Saints began to make a comeback with the 1978 election of Pope John Paul II. Like Benedict, John Paul was present for all four sessions of Vatican II. He saw an intrinsic link between the council’s “universal call to holiness” and devotion to the saints. If the summons to heroic virtue and eternal union with God is directed to believers in all walks of life – not just nuns, priests and popes – then today’s Catholics need more models of holiness, he reasoned, not fewer. So John Paul streamlined the church’s canonization process, beatifying 1,338 people and declaring some 482 saints – record numbers that included Catholic singles, spouses and parents, and contemporary representatives of a diverse array of professions, nationalities and spiritualities.
John Paul’s “saint factory” sparked its share of criticism, but it also ignited enthusiasm among a new generation of Catholics.

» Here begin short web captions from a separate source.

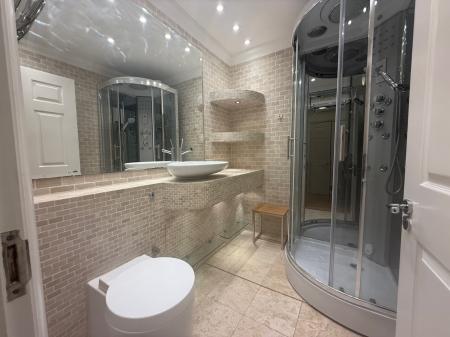 2 bedroom Flat to let in Little Britain, London, EC1A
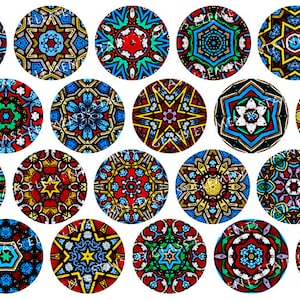 Op de afbeelding: Set van 16 ronde, kleurrijke, decoratieve stickers met ingewikkelde geometrische patronen. De stickers zijn in verschillende kleuren, waaronder rood, blauw, groen, geel en zwart. De patronen zijn symmetrisch en hebben een glas-in-lood-look.
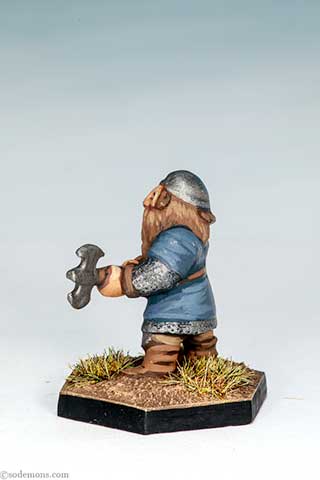 DWF10 - Dwarf with Two-Handed Axe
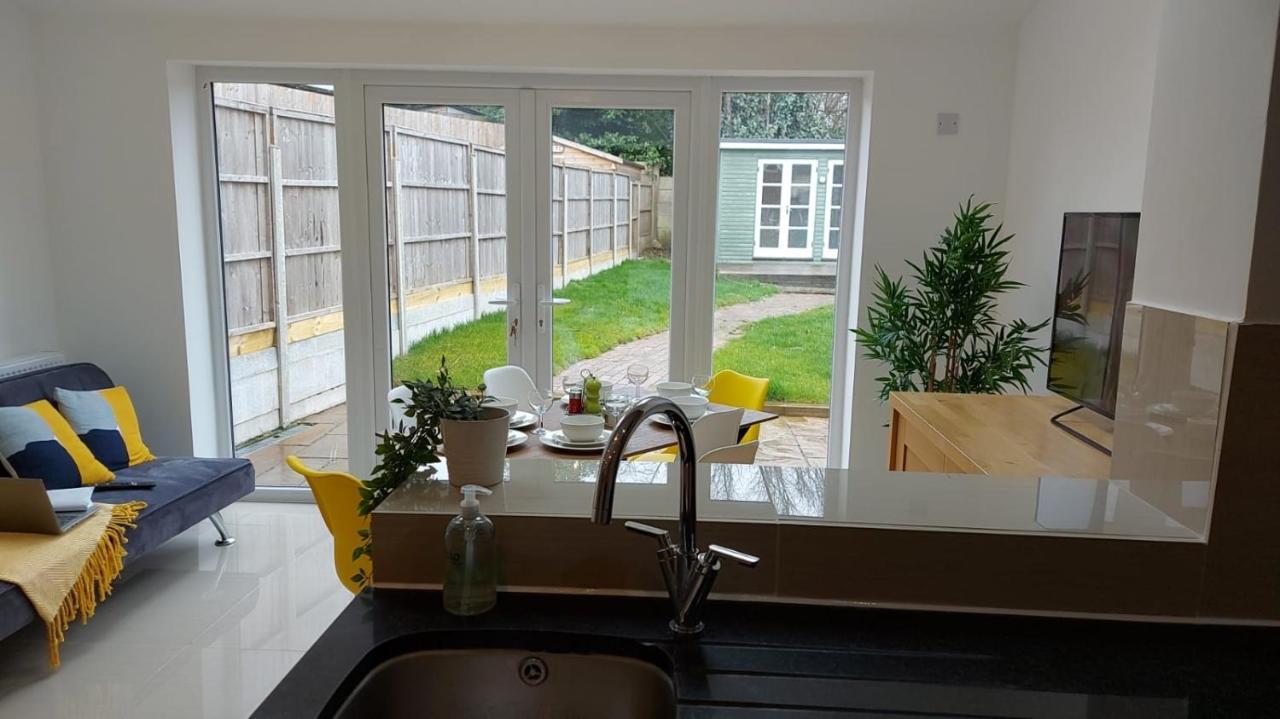 Central Ashford Stay - Contractors & Families Welcome - Free Parking Eksteriør bilde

Many younger Catholics who never knew the pre-Vatican II subculture that shaped their parents and grandparents have begun discovering the value of having holy companions on the spiritual journey, wise guides whose stories suggest that fleeting trials, when embraced with faith, can become the stuff of eternal glory.
Benedict has encouraged that discovery. Between 2007 and 2011, he gave more than 100 general audience addresses on the lives of the saints, and concluded by explicitly connecting their example to the lessons of Vatican II. A careful student of history with a gimlet-eyed view of the church’s position in the world today, Benedict knows that saints – and the passion for personal holiness and self-sacrifice they inspire – are keys to Church renewal in every age. As he explained to interviewer Vittorio Messori in the Ratzinger Report, “The only really effective apologia for Christianity comes down to two arguments, namely, the saints the church has produced and the art which has grown in her womb.”
As Catholics commemorate a council that opened the windows of the church to the modern world, it seems fitting that the anniversary be bracketed by ceremonies honoring the church’s best ambassadors and most beautiful works of art: its colorful, eclectic and inspiring canon of saints.